Tuesday, August 14, 2012
We (teachers) start back to school tomorrow. No kids, just teachers scurrying around like mad things trying to get everything back in line before our reasons for being come back.
My room is a mess! We used to have 4 early childhood special education classes in our building, 2 classes shared a classroom each, one in the morning, one in the afternoon, with a little bit of overlap. My class is the first ECSE classroom for students with multiple disabilities to share a classroom with a less restrictive class. So anyway, they split up the classes that were sharing classrooms, moved two to another school and shoved all of my equipment, materials and such into the other ECSE classroom.

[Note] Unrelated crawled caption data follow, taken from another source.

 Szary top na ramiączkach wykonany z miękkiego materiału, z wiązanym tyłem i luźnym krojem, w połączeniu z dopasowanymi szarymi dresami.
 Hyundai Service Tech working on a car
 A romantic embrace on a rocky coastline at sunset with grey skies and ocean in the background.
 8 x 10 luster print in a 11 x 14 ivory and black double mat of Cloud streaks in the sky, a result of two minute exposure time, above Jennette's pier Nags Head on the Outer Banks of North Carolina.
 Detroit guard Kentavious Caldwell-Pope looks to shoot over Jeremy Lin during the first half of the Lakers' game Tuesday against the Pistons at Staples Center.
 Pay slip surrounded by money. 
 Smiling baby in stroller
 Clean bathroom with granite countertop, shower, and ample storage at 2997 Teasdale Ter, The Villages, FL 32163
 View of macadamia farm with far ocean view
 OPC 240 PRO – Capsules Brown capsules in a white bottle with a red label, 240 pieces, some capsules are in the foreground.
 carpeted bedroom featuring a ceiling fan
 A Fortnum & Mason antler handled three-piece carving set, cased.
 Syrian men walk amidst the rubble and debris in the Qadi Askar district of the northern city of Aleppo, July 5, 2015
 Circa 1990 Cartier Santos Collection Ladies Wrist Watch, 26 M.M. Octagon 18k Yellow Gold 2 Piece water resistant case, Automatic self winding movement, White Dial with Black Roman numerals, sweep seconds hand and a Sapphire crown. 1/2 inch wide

Most of my students stayed with me for another year, but I am getting two new students. One family has already been in (last year) to observe me and my classroom and the other has not. I cannot even imagine the amount of courage it takes for these parents to send their very young, non verbal and probably physically fragile child to a brand new person in a brand new place.
I feel the weight of these parents worries. I am afraid I will make an inadvertent mistake and frighten these parents into thinking I am not paying enough attention to their child. I don't want that to happen. I want them to feel as though their children are with people who will care for them exactly as if they were our own children. In some respect, I actually pay more attention to my students than I did to my own children. After all, this is my job. I also hope that they will know that I will feel a real affection for their child and will want their child to be the very best he or she can be. That's a lot to expect of a parent, though.